- _TASK DESCRIPTION_: Only the lines from the one containing "Галина Малахова, 2010" to the end of the data below belong in the answer, each repeated exactly; no pictures.

- Opening Delimiter -

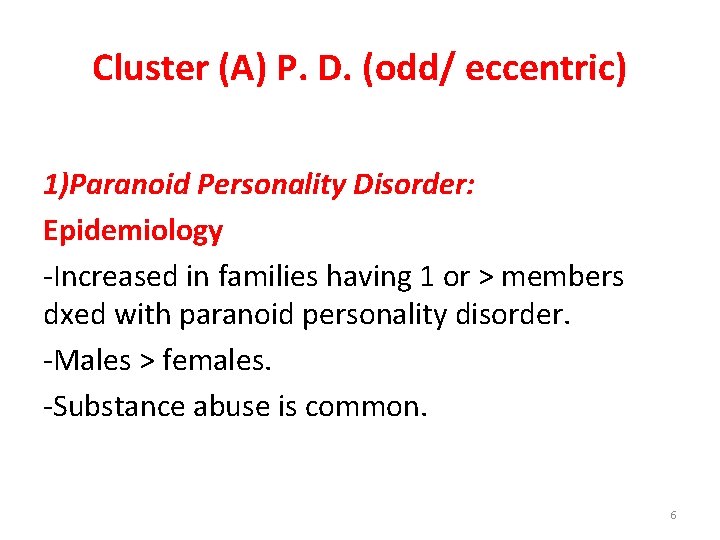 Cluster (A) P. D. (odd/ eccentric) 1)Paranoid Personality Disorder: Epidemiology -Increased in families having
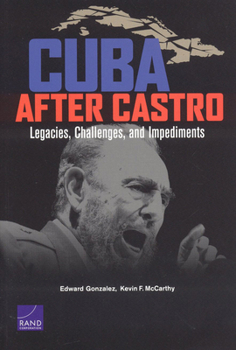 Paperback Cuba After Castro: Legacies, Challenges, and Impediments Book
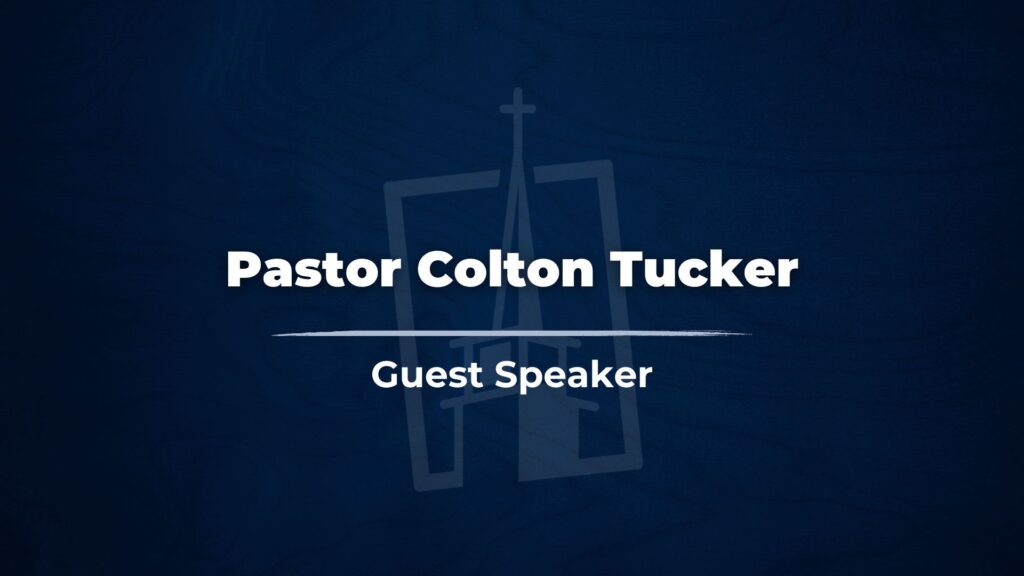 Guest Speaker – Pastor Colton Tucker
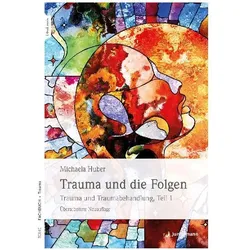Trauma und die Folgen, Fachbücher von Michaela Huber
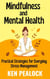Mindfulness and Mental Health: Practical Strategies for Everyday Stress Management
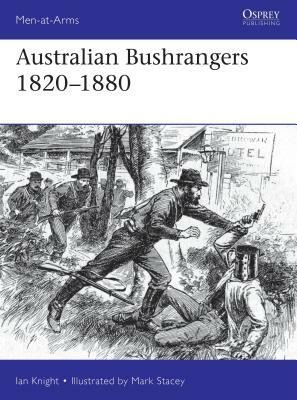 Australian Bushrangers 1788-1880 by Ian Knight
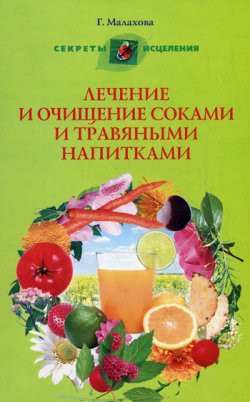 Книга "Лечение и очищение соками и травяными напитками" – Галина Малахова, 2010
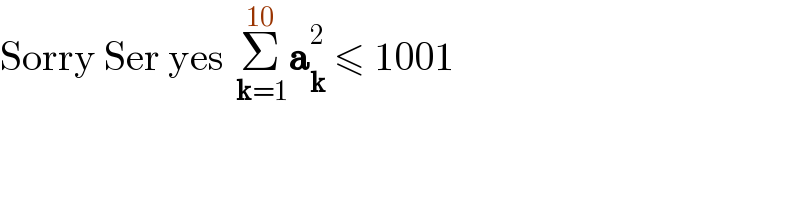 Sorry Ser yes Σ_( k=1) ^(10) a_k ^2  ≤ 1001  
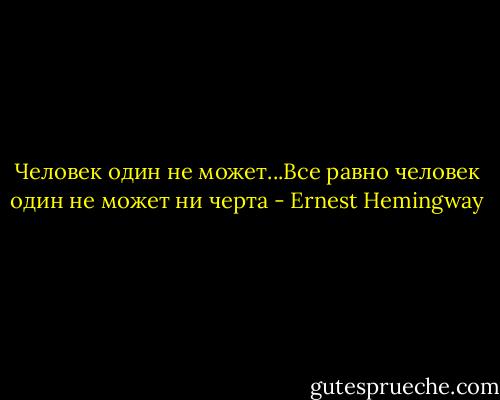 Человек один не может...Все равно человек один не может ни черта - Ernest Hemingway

- Closing Delimiter -

- _ANSWER TO THE EXERCISE_:
 Книга "Лечение и очищение соками и травяными напитками" – Галина Малахова, 2010
 Sorry Ser yes Σ_( k=1) ^(10) a_k ^2  ≤ 1001  
 Человек один не может...Все равно человек один не может ни черта - Ernest Hemingway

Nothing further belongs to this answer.